MISERY
DOES NOT LOVE COMPANY: A Brief History of Pandemics
Pandemics seem to arise out of Asia in every decade. The worst
followed World War One (1914-1917) and it killed 500-hundred million
people, a third of the population on Planet Earth. Of this number, media
at that time estimated that 675,000 of the victims who died were
Americans.
Since the King of Spain suffered from it, but survived, it came to
be called, even to this day, “Spanish Flu.”
One story in the New York Times told of the effort by the New York
City Health Commissioner to halt the contagion by ordering workers to
travel to work in staggered shifts.

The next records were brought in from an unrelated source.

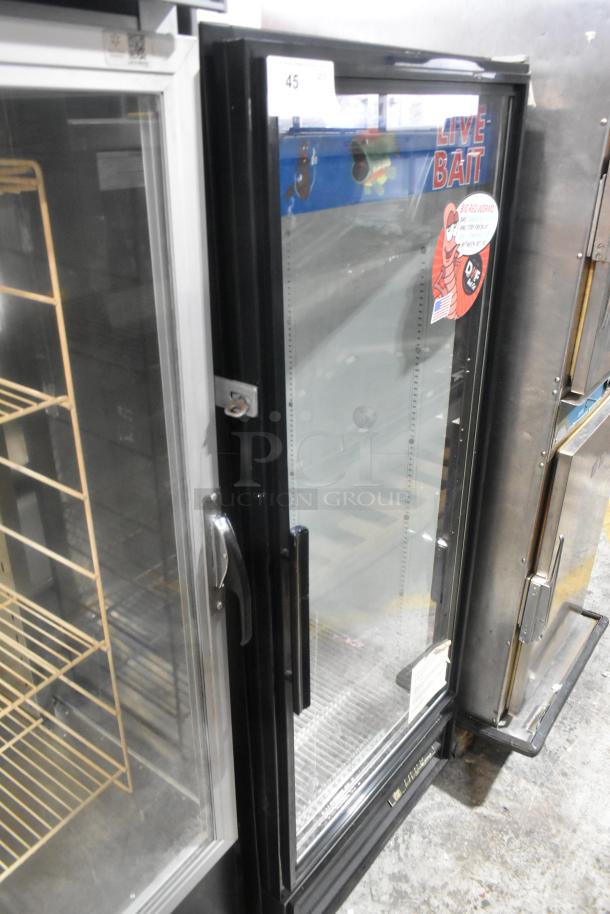 True GDM-12 metal single door cooler, poly-coated racks, 115 volts, live bait signage, used condition.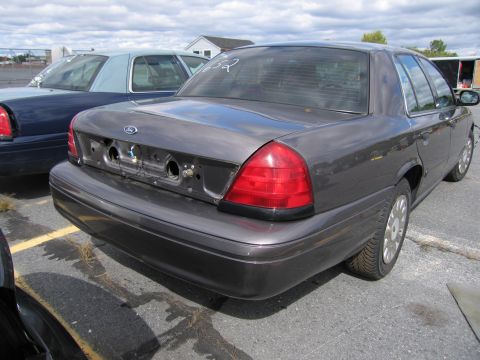 1991 Ford LTD Crown Victoria - A dark gray Ford Crown Victoria is parked next to another vehicle, showing its rear end.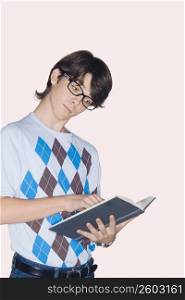 Teenage boy standing and reading a book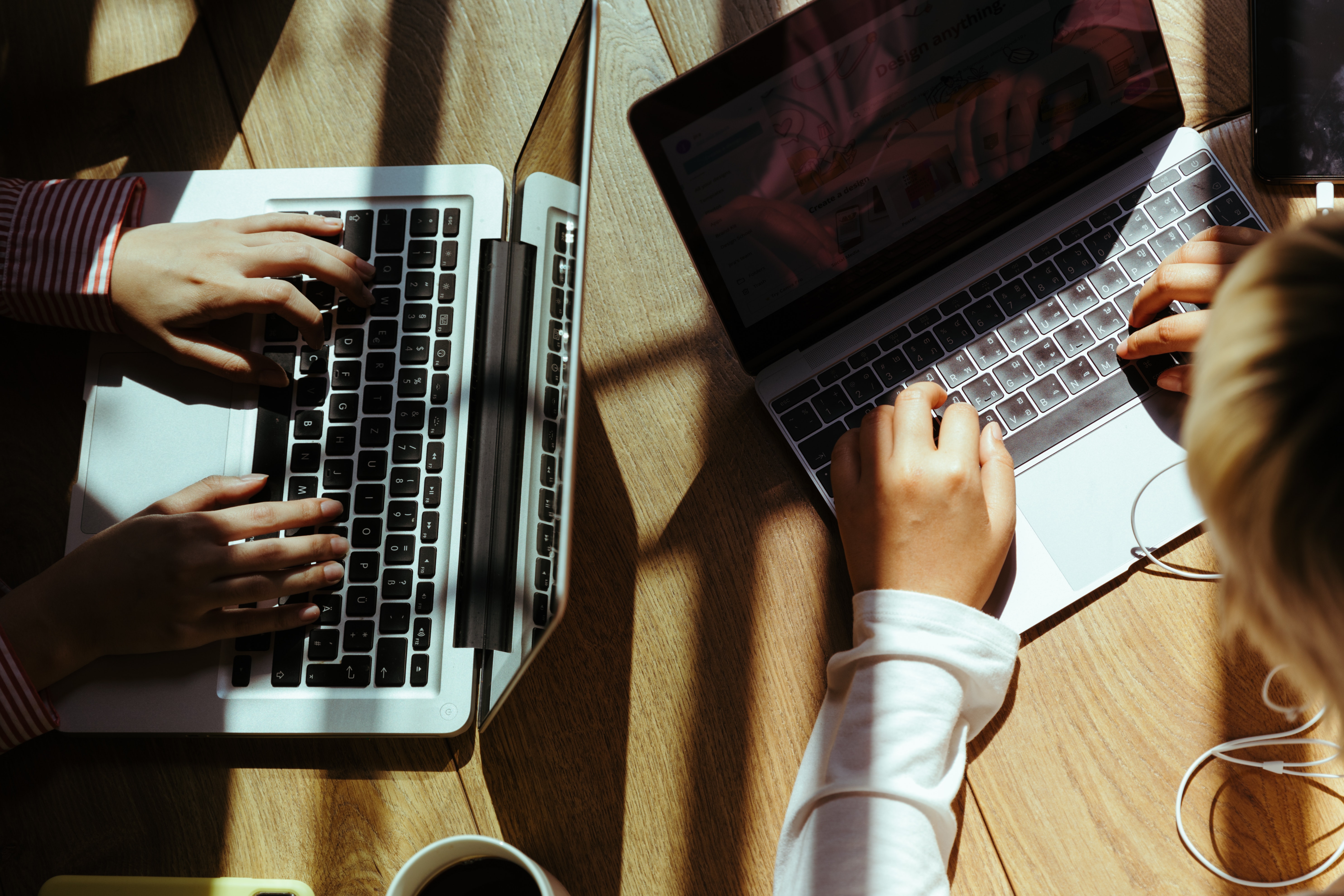 person-using-macbook-pro-on-brown-wooden-table-4132310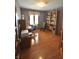 Home office with hardwood floors, natural light, and built-in shelving at 5943 Red Maple Dr, Indianapolis, IN 46237
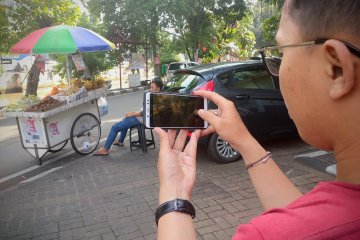 "Street photography" bisa keren meski cuma pakai smartphone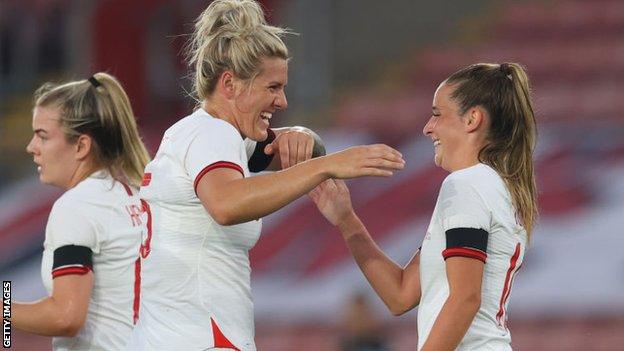 Ella Toone celebrates with Millie Bright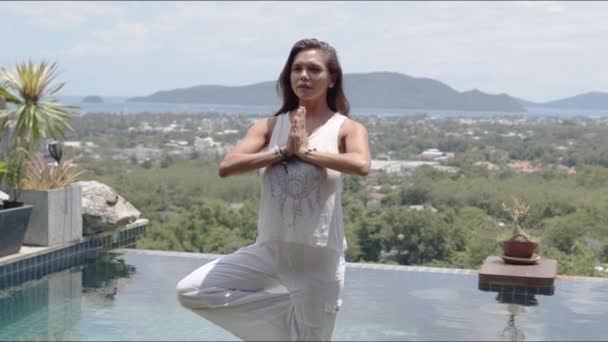 Turista calmo de pé em equilíbrio posar junto à piscina contra a cidade na costa tropical
 - Filmagem, Vídeo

It did little to slow the rate of
infection.
In recent times, a flu pandemic in 1957 and 1958 killed more than two
million people worldwide, 70,000 of whom were in the USA. Another pandemic
since has felled 34,000 and 12,000 more in the USA perished during the
“H1N1 Swine Flu” pandemic.
If there is any comfort in these numbers, it is that the trend line
of fatalities is pointing downward. The people involved in health care are
learning how to best care for persons with pneumonia, the principle cause
of fatalities.
A race by the leading pharmaceutical firms to produce an effective
vaccine is underway, propelled by the prospect of greater profits.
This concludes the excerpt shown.